### [Exercise data]
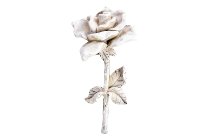poly rose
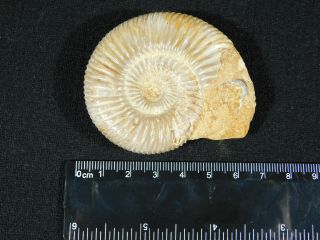 A Polished 200 Million Year Old WHITE Ribbed AMMONITE Fossil 70.  5gr 3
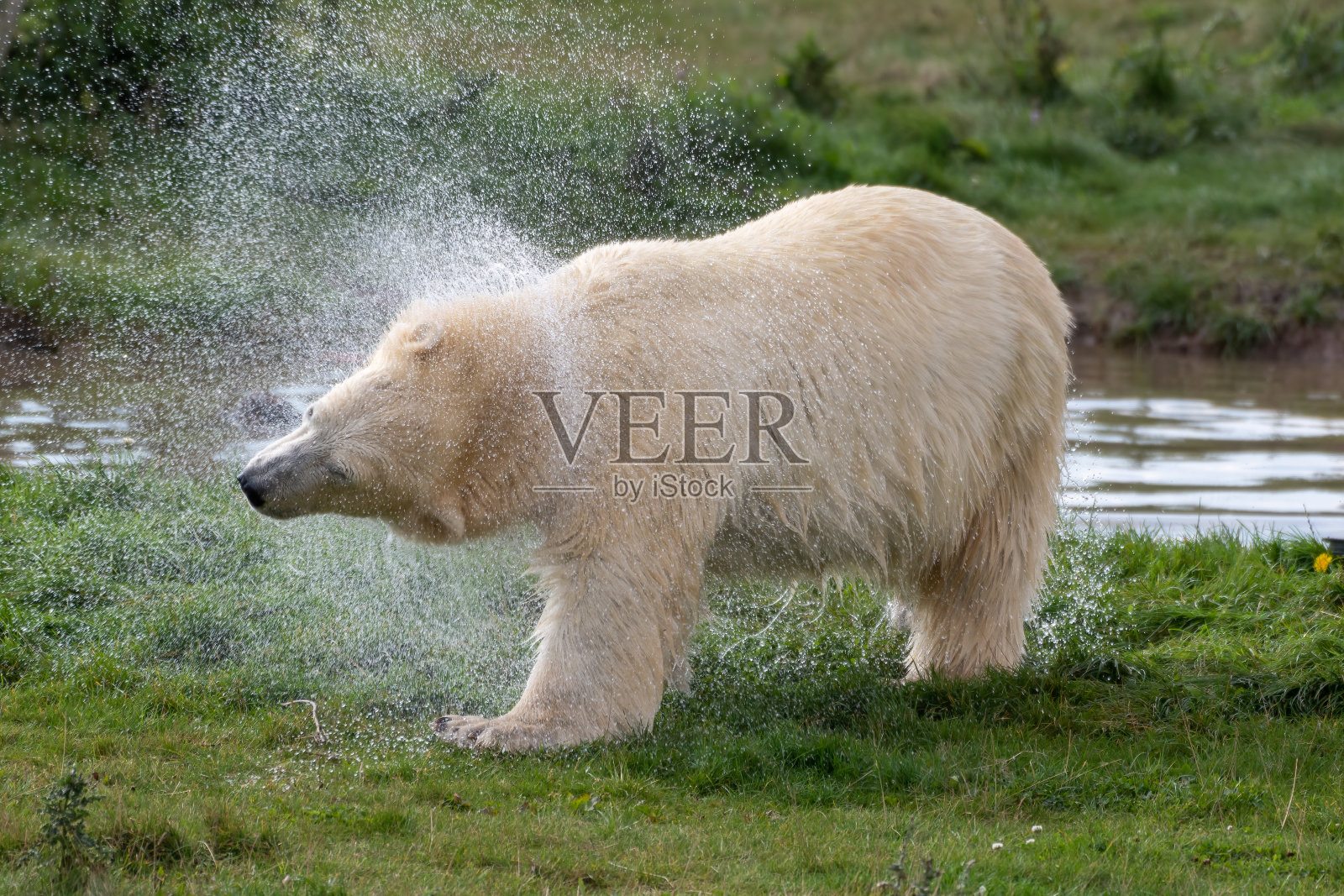 小北极熊在抖水照片摄影图片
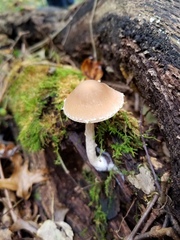 Psathyrella kauffmanii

### [What the task asks]
Return the listing verbatim; pictures are not part of the copy.

### [Reply to the exercise]
poly rose
 A Polished 200 Million Year Old WHITE Ribbed AMMONITE Fossil 70.  5gr 3
 小北极熊在抖水照片摄影图片
 Psathyrella kauffmanii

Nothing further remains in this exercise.